§ **WHAT YOU NEED TO DO**
Return nothing but the lines from the one with "Noleggio Yacht di" through the one with "DESFILANDO EN EL PARQUE DE MI BARRIO" in the data below, word for word and without pictures.

§ **DATA TO USE**
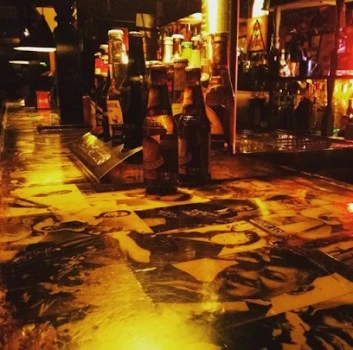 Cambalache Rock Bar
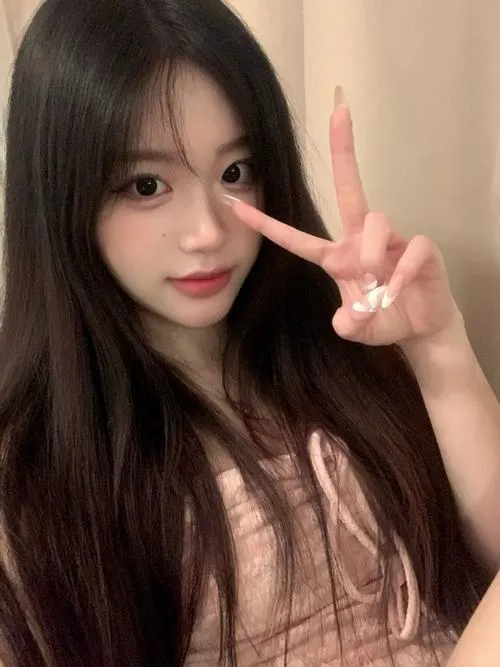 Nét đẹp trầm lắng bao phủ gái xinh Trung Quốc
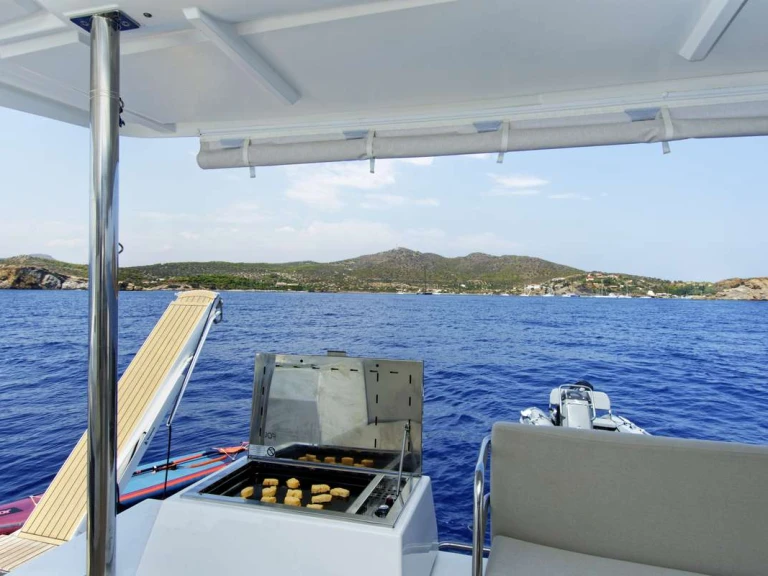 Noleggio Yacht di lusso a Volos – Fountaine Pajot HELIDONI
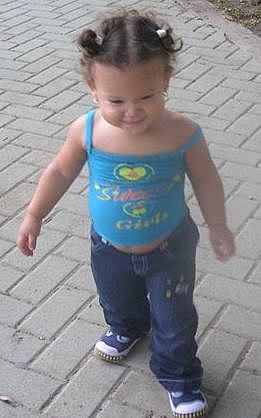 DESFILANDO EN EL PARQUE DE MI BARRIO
* * *
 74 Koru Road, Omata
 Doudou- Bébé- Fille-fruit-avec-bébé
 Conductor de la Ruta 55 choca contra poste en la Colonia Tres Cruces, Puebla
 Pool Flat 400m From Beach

§ **FINISHED EXERCISE**
 Noleggio Yacht di lusso a Volos – Fountaine Pajot HELIDONI
 DESFILANDO EN EL PARQUE DE MI BARRIO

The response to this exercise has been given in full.